Hadoop Distributed File System (HDFS) is the distributed file system of a Hadoop framework. HDFS is highly fault-tolerant. It provides high-throughput data access and can process terabytes or even petabytes of data. This minimizes data costs. You can use HDFS in scenarios in which large-scale data needs to be read and written in distributed mode. HDFS is especially suitable for scenarios in which the number of read operations is greater than the number of write operations.
Benefits
HDFS in an E-MapReduce (EMR) cluster has the following benefits:
Is highly fault-tolerant and scalable.
Provides a shell command interface.
Provides a web UI that allows you to manage components in a visualized manner.
Allows you to manage file permissions in a similar manner in which you manage file permissions in Linux.
Is locality-aware. Storage space is allocated based on the location of compute nodes.
Balances data among DataNodes.
Supports rolling restart and upgrade operations.
Architecture
HDFS is built based on a primary/secondary architecture. HDFS in an EMR cluster consists of one NameNode and multiple DataNodes.

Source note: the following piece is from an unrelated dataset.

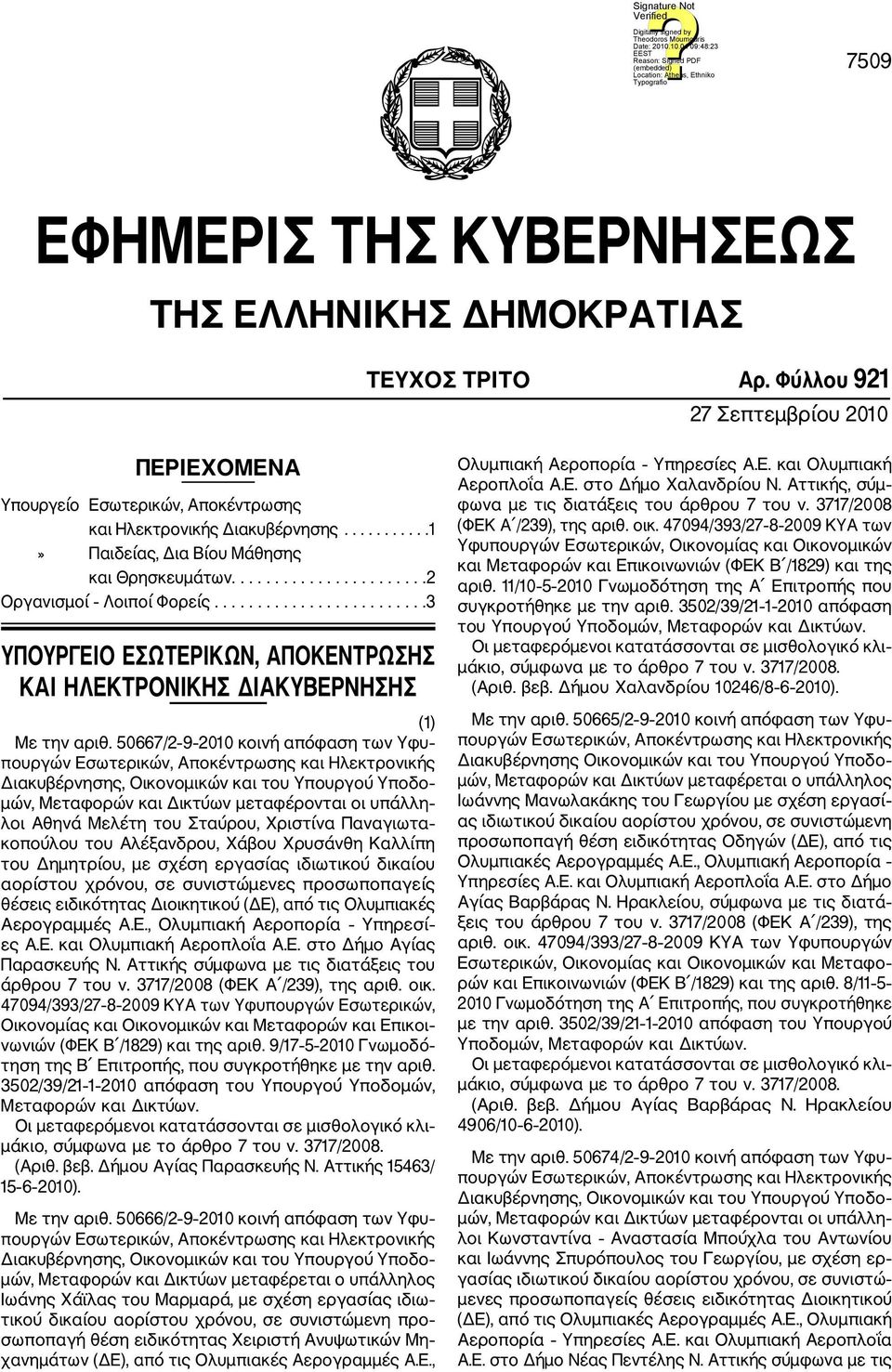 50667/2 9 2010 κοινή απόφαση των Υφυ μών, Μεταφορών και Δικτύων μεταφέρονται οι υπάλλη λοι Αθηνά Μελέτη του Σταύρου, Χριστίνα Παναγιωτα κοπούλου του Αλέξανδρου, Χάβου Χρυσάνθη Καλλίπη του Δημητρίου,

The NameNode is deployed on the master node of the EMR cluster and is used to manage metadata information of files and interact with clients. A DataNode is deployed on each core node of the EMR cluster and is used to manage files stored on the node. Each file that is uploaded to HDFS is split into one or more data blocks. These data blocks are distributed to different DataNodes based on the data backup policy of the cluster. The location information of data blocks is managed by the NameNode in a centralized manner.
Terms
Item | Description |
NameNode | The NameNode manages the file system namespaces, maintains the directory tree and metadata of all files in the tree, and records the mapping between each data block and the file to which the data block belongs. All the information is persisted to the FsImage and EditLog files on local disks. |
DataNode | DataNodes store files. DataNodes store or provide data blocks based on the instructions of the NameNode or clients, and report information about the data blocks to the NameNode on a regular basis. |
client | You can use a client to access the file system and communicate with the NameNode and DataNodes. A client serves as a file system interface that is similar to POSIX. |
block | In HDFS, files are evenly split into data blocks. Each data block is 128 MB in size and the data blocks may be stored on different DataNodes. HDFS can store a single file whose size may even exceed the capacity of a disk. By default, three replicas are stored for each block. If the core nodes of an EMR cluster use cloud disks, two replicas are stored for each block. The replicas are stored on different DataNodes. This way, data security is improved. In addition, distributed jobs can use local data for computing, which reduces data transfers. |
Secondary NameNode | For a non-HA cluster, a Secondary NameNode process is automatically started. The Secondary NameNode process aims to consume EditLog files and merge FsImage and EditLog files on a regular basis to generate new FsImage files. This reduces the load on the NameNode. |
high availability | For a high availability (HA) cluster, two NameNodes are automatically started. The active NameNode and the standby NameNode assume different roles. The active NameNode is used to handle requests from DataNodes and clients. The standby NameNode serves as the backup of the active NameNode and stores the same data as the active NameNode. If an exception occurs in the active NameNode, the standby NameNode is used to handle requests from DataNodes and clients. |